§ WORK TASK: Output the listing exactly, without its pictures.

### GIVEN INFORMATION

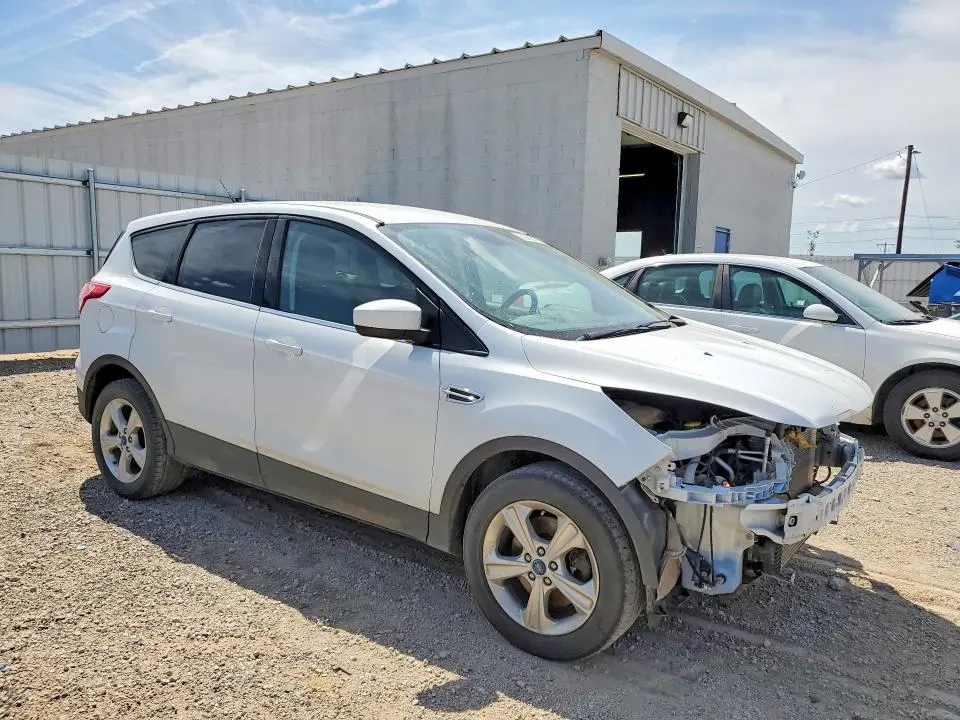 2015 FORD ESCAPE SE  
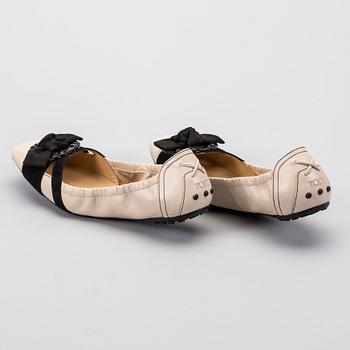 SKOR, Tod's.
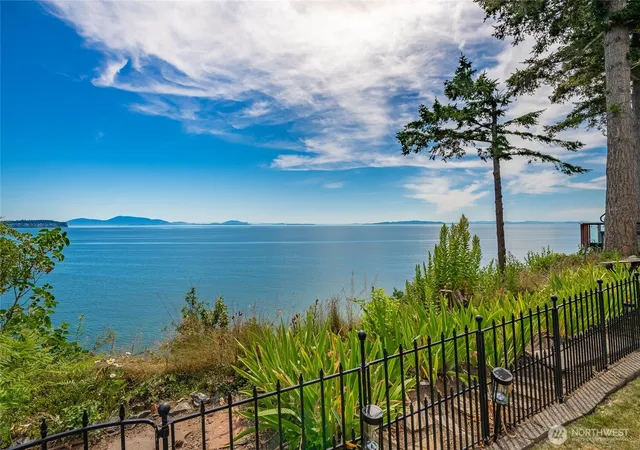 Photo 2 of Single family home for sale at 5727 Nakat Way, Blaine, WA 98230 | MLS# NWM2470077 | Listing updated on 2026-09-17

######

§ EXERCISE RESPONSE:
 2015 FORD ESCAPE SE  
 SKOR, Tod's.
 Photo 2 of Single family home for sale at 5727 Nakat Way, Blaine, WA 98230 | MLS# NWM2470077 | Listing updated on 2026-09-17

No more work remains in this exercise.